■ What you need to do ■
Give the records back exactly as written, but without the images.

Stored data entries:
= = =
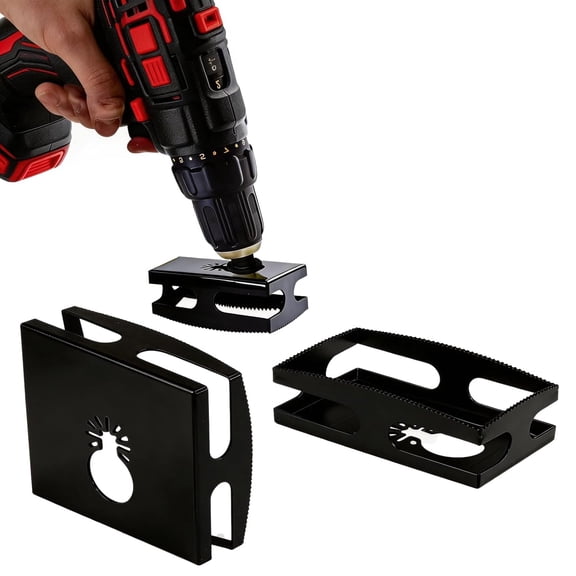 Drywall Outlet Cutter, Sheetrock Hole Saw Tool, 2-Pack Metal Drywall Cutting Tool for Electrical Outlet & Switch Box Cutouts, Professional Drywall Tools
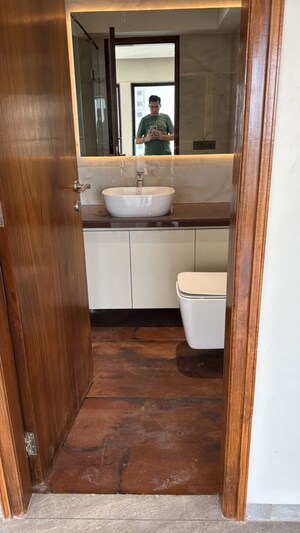 Bathroom in 4 BHK Apartment at Ambedkar Nagar – for Rent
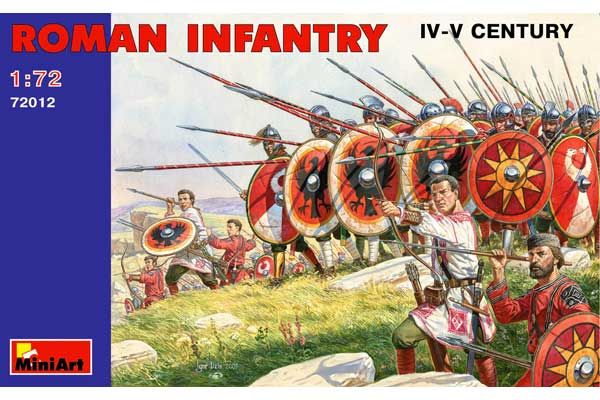 Римська піхота IV-V сторіччя (MiniArt 72012) 1/72 Римська піхота IV-V сторіччя (MiniArt 72012) 1/72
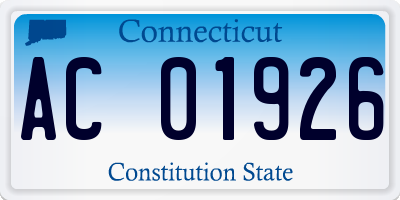 CT license plate AC01926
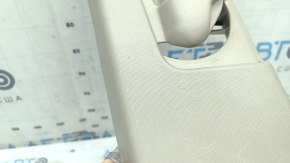 Left center pillar trim, upper belt, Toyota Camry v50 12-14 USA, beige, scratches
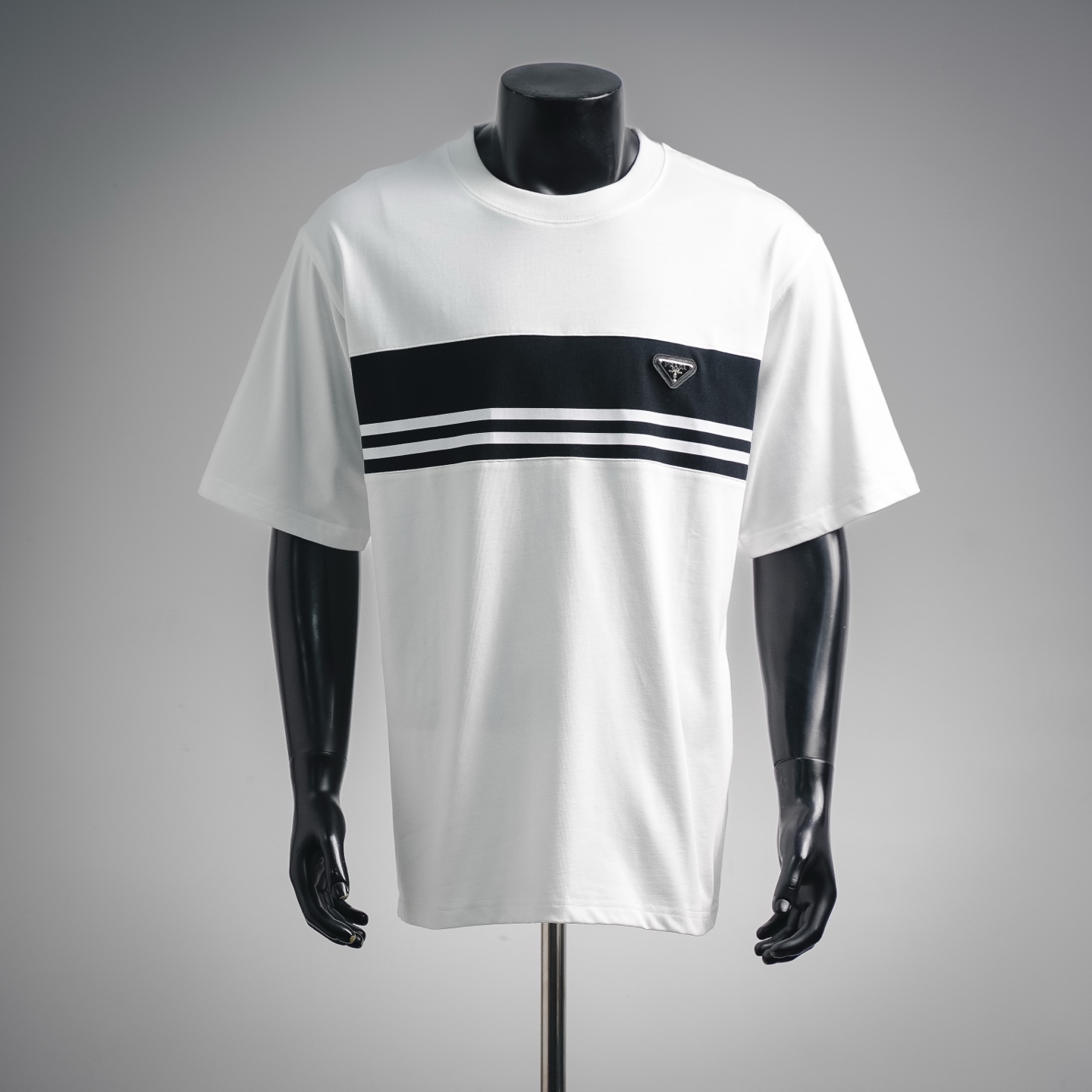 Pra stripe printed t-shirt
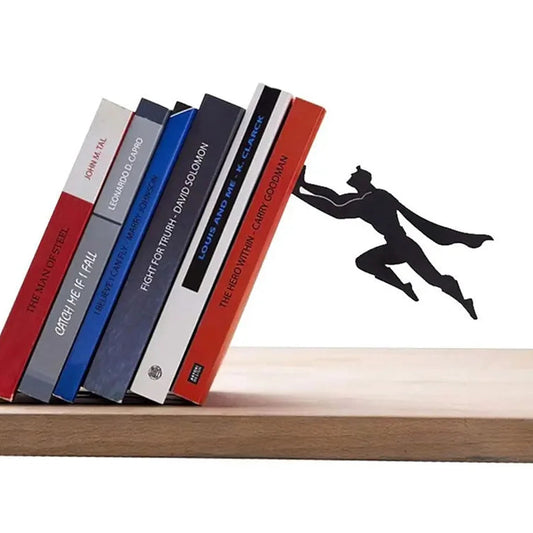 Superhero Bookend – Black Metal Floating Comic Book Holder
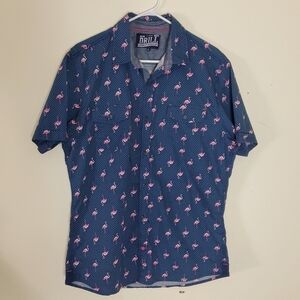 Drill Men's  Flamingo Shirt Size L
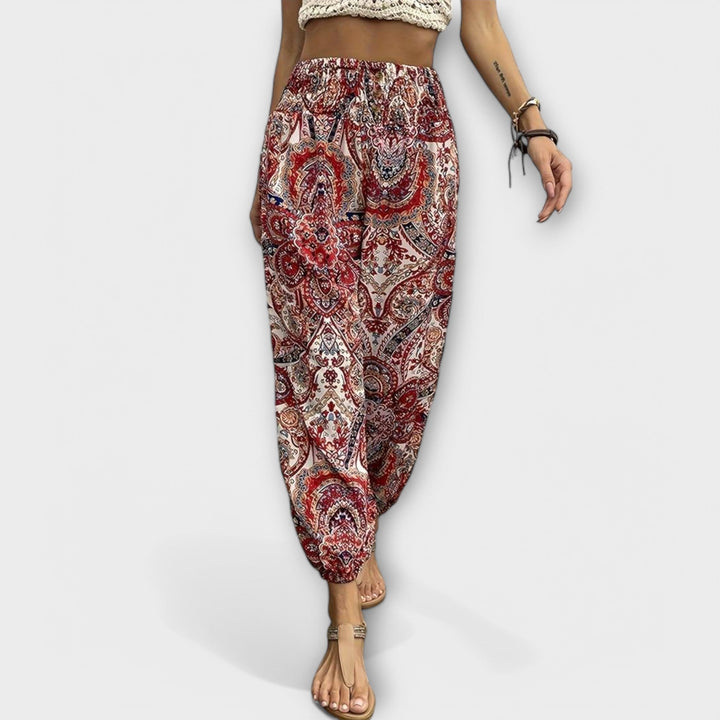 Scarlett - Pantalones con Estampado Étnico
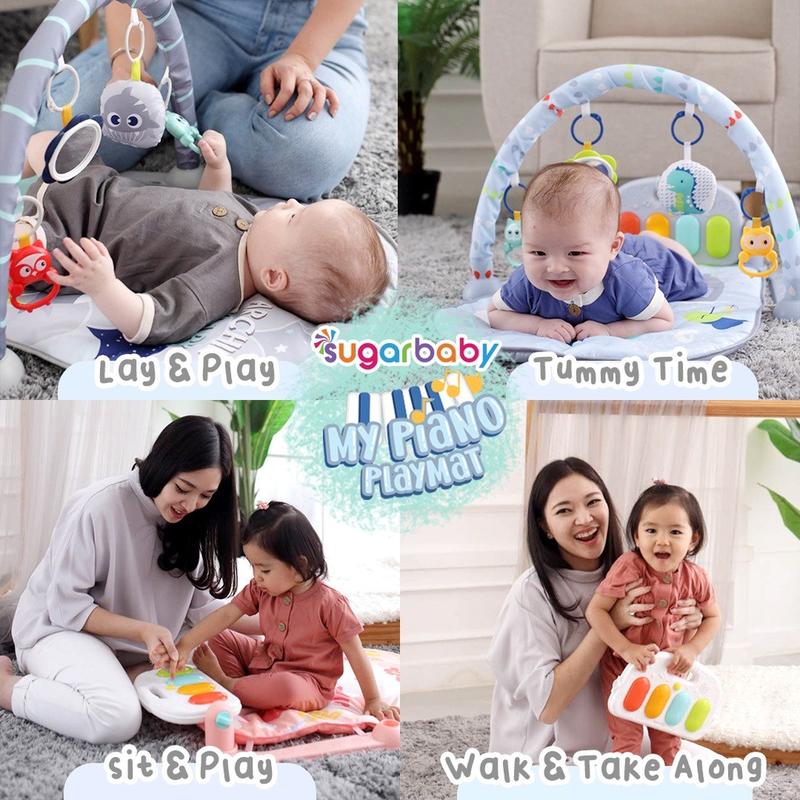 Sugar Baby My Piano Playmat Baby Gym Mainan Playmat Gym Bayi 2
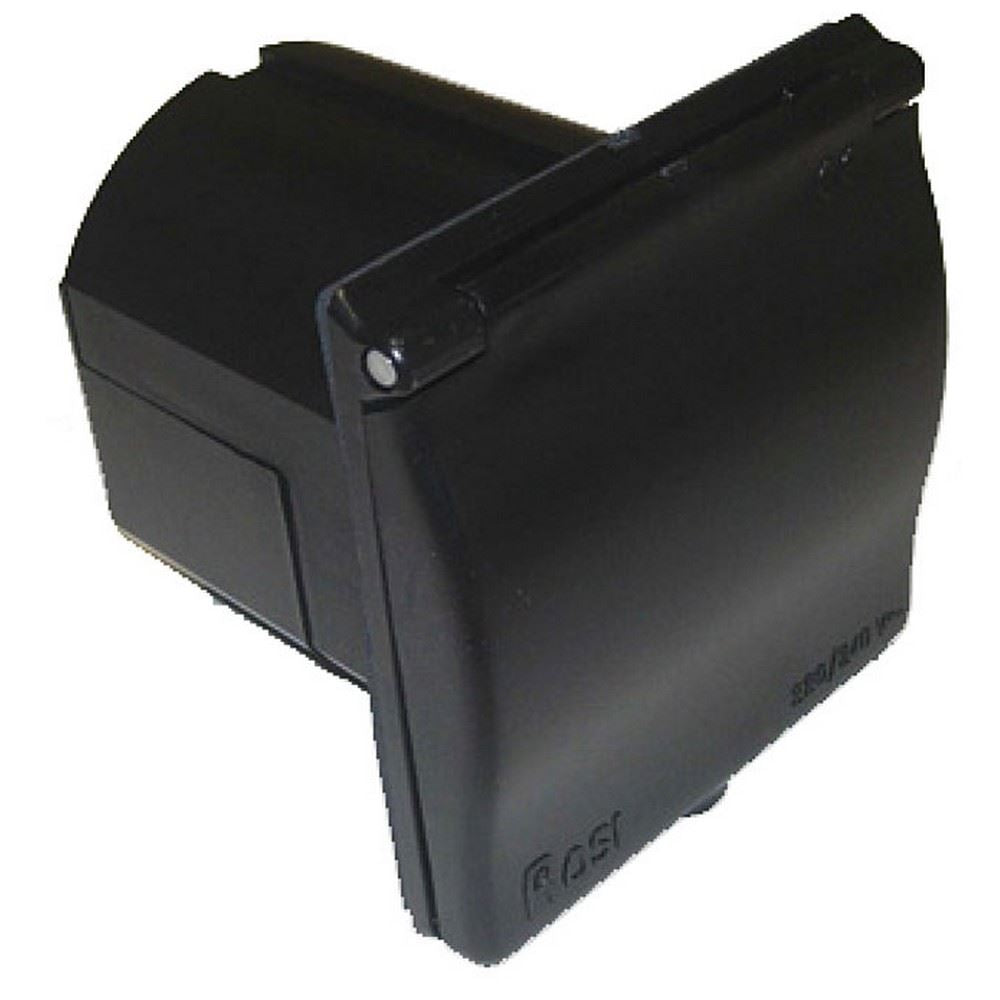 Mains Inlet Flush Black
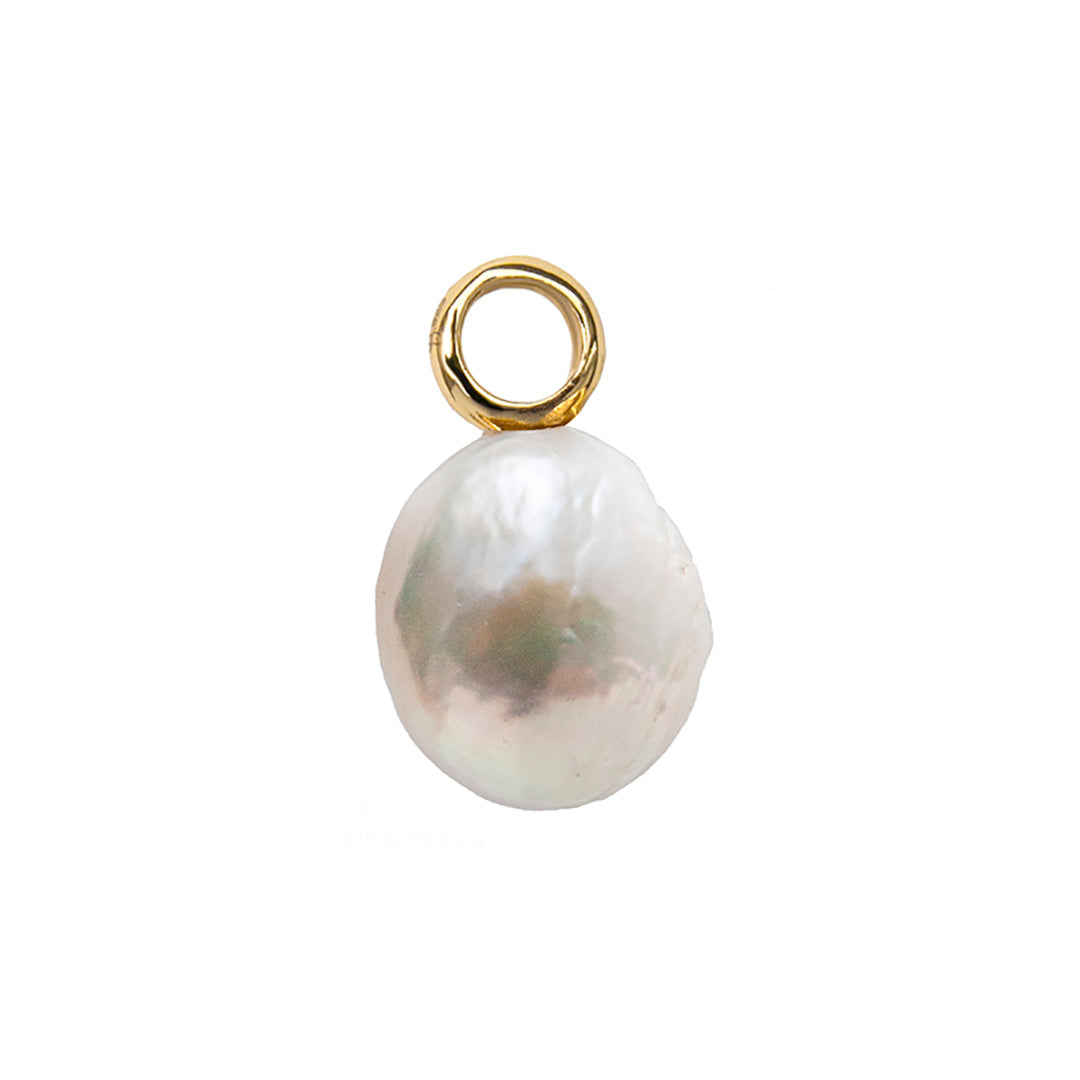 Baroque Drop Pendant White Pearl - Charlotte Bonde Sthlm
= = =
■ Task output ■
 Drywall Outlet Cutter, Sheetrock Hole Saw Tool, 2-Pack Metal Drywall Cutting Tool for Electrical Outlet & Switch Box Cutouts, Professional Drywall Tools
 Bathroom in 4 BHK Apartment at Ambedkar Nagar – for Rent
 Римська піхота IV-V сторіччя (MiniArt 72012) 1/72 Римська піхота IV-V сторіччя (MiniArt 72012) 1/72
 CT license plate AC01926
 Left center pillar trim, upper belt, Toyota Camry v50 12-14 USA, beige, scratches
 Pra stripe printed t-shirt
 Superhero Bookend – Black Metal Floating Comic Book Holder
 Drill Men's  Flamingo Shirt Size L
 Scarlett - Pantalones con Estampado Étnico
 Sugar Baby My Piano Playmat Baby Gym Mainan Playmat Gym Bayi 2
 Mains Inlet Flush Black
 Baroque Drop Pendant White Pearl - Charlotte Bonde Sthlm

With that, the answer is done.